How agencies automate video creation: A complete guide
Client demand for video keeps climbing. Your team is already stretched. And somewhere between the third and thirtieth version of the same ad creative, someone on your team starts wondering if there's a better way to do this. There is.
Video automation is the process of using templates, structured data, and software to generate multiple unique data-driven videos without manually editing each one. Instead of opening After Effects for every variation, you build a single template, connect it to a data source (a spreadsheet, a CRM export, a database), and let the software handle the rest. That's how agencies automate video creation, and it's the difference between producing 10 videos a week and 1,000.
This guide covers the real use cases where automation pays off, a tool-specific step-by-step workflow you can follow today, and a clear framework for deciding when automation makes sense for your agency.
TLDR
- Video automation uses templates and data (spreadsheets, CSVs, APIs) to generate hundreds of unique videos without manually editing each one, turning 10 videos per week into 1,000+.
- The biggest time savings happen in post-production. Once a template is built, bulk rendering, caption generation, format adaptation, and delivery can all run automatically.
- Common use cases include performance ads, personalized videos, localization, sports highlights, and digital signage.
- The base workflow is to build an After Effects template with named dynamic layers, upload it to a platform like Plainly, connect your data source, batch render, and auto-deliver.
- Automation works best for repeatable video formats where the structure stays the same and only the content changes. It is not suited for one-off, bespoke productions.
Why video automation matters for agencies
Video automation replaces the most repetitive part of production (the part where your team manually swaps out headlines, images, and colors across dozens of identical compositions) by connecting reusable templates to data inputs like spreadsheets, APIs, or databases. Whether agencies use CSV uploads or API to create workflows, the result is the same: hundreds of dynamic video versions rendered from a single design. A small team can produce what would otherwise require more editors or outsourced help.
What parts of video creation agencies automate
Automation touches every stage of video production, but the value isn't evenly distributed. Pre-production and production benefit from partial automation. Post-production is where agencies recover the most time by far.
Pre-production
AI writing tools can help with scriptwriting, brief generation, and shot list creation. Agencies standardize creative briefs across client accounts using templates and structured workflows, cutting the back-and-forth that eats into project timelines.
That said, automation here is partial.
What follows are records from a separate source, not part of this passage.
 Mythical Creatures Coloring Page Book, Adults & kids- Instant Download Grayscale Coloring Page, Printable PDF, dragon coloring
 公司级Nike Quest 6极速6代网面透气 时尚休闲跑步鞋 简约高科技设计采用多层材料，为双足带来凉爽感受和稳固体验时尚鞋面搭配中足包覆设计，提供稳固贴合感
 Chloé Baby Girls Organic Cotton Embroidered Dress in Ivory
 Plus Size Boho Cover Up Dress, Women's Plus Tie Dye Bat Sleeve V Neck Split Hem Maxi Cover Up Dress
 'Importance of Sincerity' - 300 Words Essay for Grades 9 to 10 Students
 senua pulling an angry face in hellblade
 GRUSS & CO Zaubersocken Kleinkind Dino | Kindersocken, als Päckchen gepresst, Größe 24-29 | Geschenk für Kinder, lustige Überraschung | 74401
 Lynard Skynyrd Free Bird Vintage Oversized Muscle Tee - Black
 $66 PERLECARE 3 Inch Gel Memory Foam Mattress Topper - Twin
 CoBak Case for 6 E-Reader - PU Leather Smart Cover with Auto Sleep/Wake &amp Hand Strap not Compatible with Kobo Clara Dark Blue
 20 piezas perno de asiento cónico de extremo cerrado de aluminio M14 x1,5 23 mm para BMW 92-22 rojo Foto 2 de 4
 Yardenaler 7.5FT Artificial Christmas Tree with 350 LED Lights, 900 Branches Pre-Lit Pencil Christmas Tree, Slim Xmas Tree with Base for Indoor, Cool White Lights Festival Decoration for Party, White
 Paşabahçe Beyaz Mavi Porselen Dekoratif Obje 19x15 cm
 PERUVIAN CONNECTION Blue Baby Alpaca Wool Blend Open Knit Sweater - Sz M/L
Human creative judgment is still needed for strategy, messaging, and the decisions that make a campaign resonate with the people.
Production
This is where template-based motion design in After Effects lays the groundwork for everything downstream. The actual filming or design phase still requires human creative work (someone needs to build the layout, choose the animation style, and set the timing).
When a motion designer builds a template with clearly defined dynamic layers, meaning the text, images, colors, and footage that swap between versions, they're creating the foundation for automated rendering at scale. Batch asset preparation fits here too, covering resizing images, formatting logos, and organizing footage libraries so the data-driven workflow runs smoothly.
Post-production
Post-production is where all that prep work pays off. Agencies go from one template to hundreds of finished videos in roughly the time it used to take to edit a single one. Once the template exists and the data is ready, agencies can render hundreds of video variations from one file using structured data from a spreadsheet or database. That's batch video editing at scale, with almost no manual work involved.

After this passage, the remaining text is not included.